|Rhino Records' Left of the Dial|
3 inducted (R.E.M., The Pretenders, Red Hot Chili Peppers)
6 nominated (The Cure, the Replacements, Depeche Mode, the Smiths, Bad Brains, Jane's Addiction)
That leaves a whopping 73 acts in the lurch, many with decent odds of a Rock Hall nomination (Pixies, Kate Bush, Joy Division, the Pogues), others longer shots (Dinosaur Jr., Bauhaus, Minor Threat) and others, well, don't hold your breath (Ultravox, Throbbing Gristle, or Lyres, anyone?). But that's not a qualitative judgment, as the majority of the artists on Left of the Dial are, at minimum, notable, and at maximum, iconic. And every last one could trigger an acute nostalgia response for Gen Xers that tuned in to a college radio station in the Reagan era.
|Siouxsie and the Banshees|
To contemplate the presumably tumultuous groupthink that occurred at Rhino when piecing together this 4-disc package is to see a parallel in the Rock Hall Nomination Committee meetings that come up with 15 or 19 nominees annually. So many options, so little clarity. (Ever try to order a pizza with more than 3 people? It's like that.)
It's unsurprising that 73 out of 82 acts on a box set meant to highlight groundbreaking, generationally-significant musical artists have been completely snubbed by the Rock Hall. To be sure, not all of them belong in that museum on Lake Erie, but there's little question that some of them do. So what's the matter here?

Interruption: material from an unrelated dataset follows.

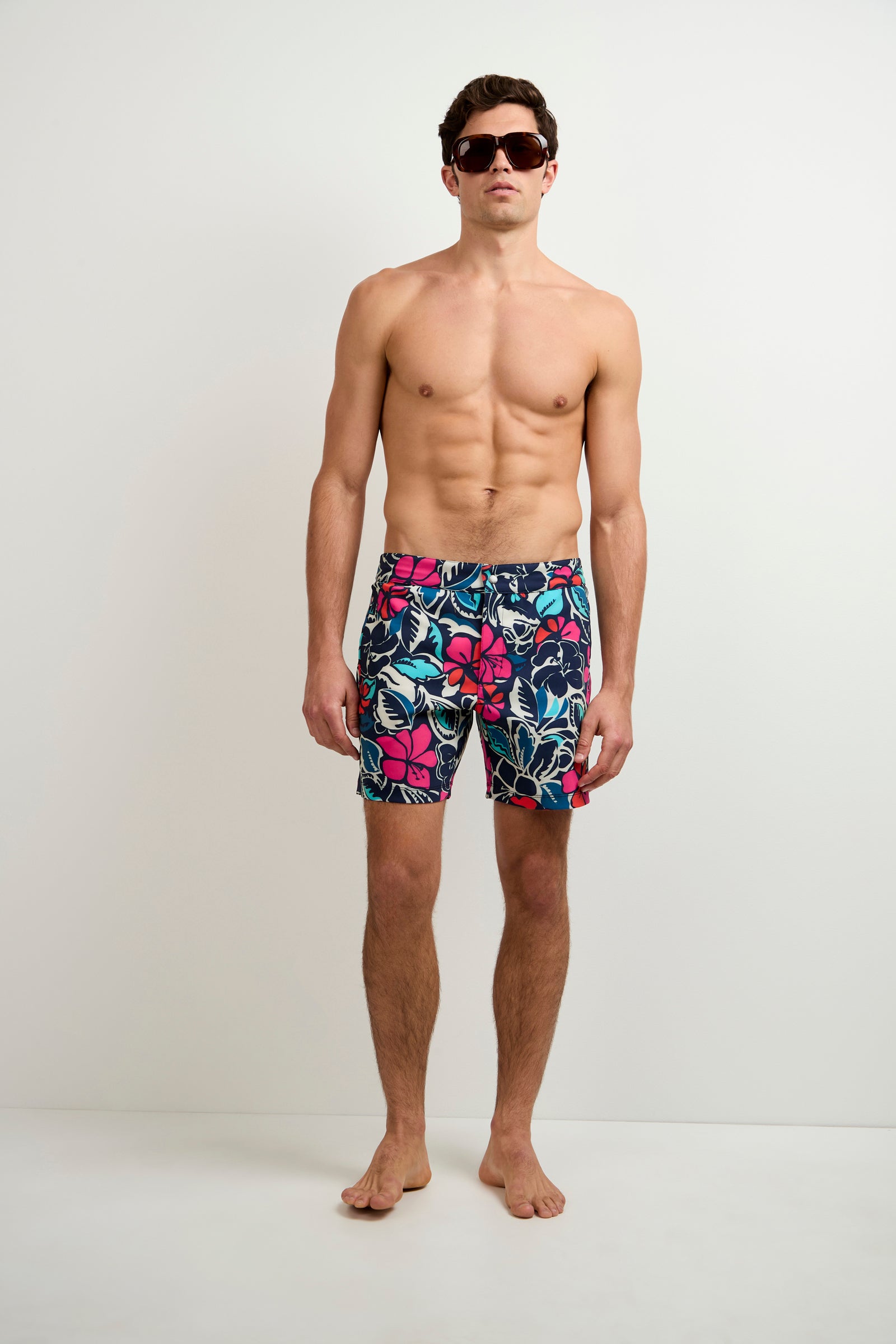 A man wearing the Honolulu Board Short - Copacabana stands barefoot and shirtless against a plain white background, looking straight at the camera with dark sunglasses.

It may be as simple as this: The freaks and geeks making a racket on Left of the Dial represent the outsiders, and the Rock Hall, at this point, has no time for the edgy, the cultish, the Lux Interiors, the rabid underdogs that should be thrown a bone. They might nominate the Smiths, the Replacements, and Bad Brains, but inducting them is quite another story. These acts, as influential and musically excellent as they may be, represent risk. And the Rock Hall, like any growing business, is intentionally risk-averse as its aggressive monetization agenda plods on, from its "Long Live Rock" sloganeering to its museum's structural improvements (a new cafe! a new theater!) to its annual, Klipsch-sponsored HBO telecasts of induction ceremonies. Indeed, with its run of populist-leaning inductees in recent years (Steve Miller, Journey, etc.) the Rock Hall nomination/induction dynamic feels akin to a jock stuffing the kid wearing an Echo & the Bunnymen t-shirt into a locker.
In essence, the Rock Hall is doing a disservice to a wide swath of Generation X—adults whose formative years would have been unbearable without that Smiths, Hüsker Dü, Cramps, or Siouxsie and the Banshees cassette in their Walkman. Isn't that what music is all about? And where is the harm in honoring that in Cleveland, at least some of the time? It could even be considered as outreach to a targeted demographic.
Will all these Left of the Dial musical heroes continue to be left behind? For many, "...It says nothing to me about my life" is a Smiths lyric that undoubtedly applies to the Rock Hall.